Linear model created:
LinearClassifier(
  (fc): Linear(in_features=3072, out_features=10, bias=True)
)
Number of parameters: 30,730

def train_model(model, dataset, num_epochs=10, batch_size=128, learning_rate=0.01):

    # takes care of loading data and creating batches for us
    loader = DataLoader(dataset, batch_size=batch_size, shuffle=True) 

    # calculates softmax + cross-entropy loss for us:
    loss_fn = nn.CrossEntropyLoss()

    # takes care of the gradient updates for us:
    optimizer = optim.SGD(model.parameters(), lr=learning_rate)

    # we'll track some history:
    train_losses = []
    train_accuracy = []

    for epoch in range(num_epochs):
        model.train() # set model to "Train" mode
        total_loss = 0.0
        num_batches = 0
        num_correct = 0
        
        for batch_idx, (images, labels) in enumerate(loader):
            # Move data to device
            images = images.to(device)
            labels = labels.to(device)
            
            # Forward pass
            outputs = model(images) # compute the model outputs
            loss = loss_fn(outputs, labels) # calculate the loss
            
            # Backward pass and optimization
            optimizer.zero_grad()   # Clear old gradients
            loss.backward()         # Compute gradients
            optimizer.step()        # Update parameters
            
            total_loss += loss.item()
            num_batches += 1

            # calculate accuracy
            _, predicted = torch.max(outputs.data, 1)
            num_correct += (predicted == labels).sum().item()
        
        avg_loss = total_loss / num_batches
        train_losses.append(avg_loss)

        avg_acc = num_correct / len(dataset)
        train_accuracy.append(avg_acc)
        if epoch % 5 == 0:
            print(f'Epoch {epoch+1:2d}: Loss = {avg_loss:.4f}, Accuracy = {avg_acc:.4f}')
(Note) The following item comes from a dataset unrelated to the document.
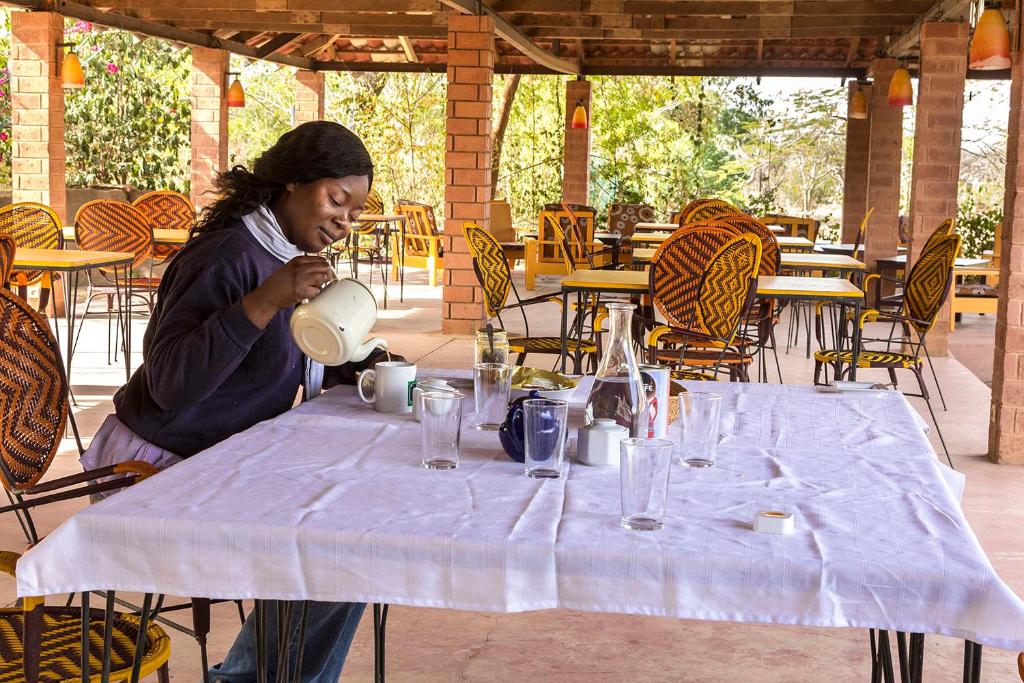 a woman is standing at a table with a pot at Sougri Doogo in Loumbila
    return train_losses, train_accuracy

# Train the linear classifier

# Create model and move to device
linear_model = LinearClassifier().to(device)
print(f'Linear model created:')
print(linear_model)
print(f'Number of parameters: {sum(p.numel() for p in linear_model.parameters()):,}')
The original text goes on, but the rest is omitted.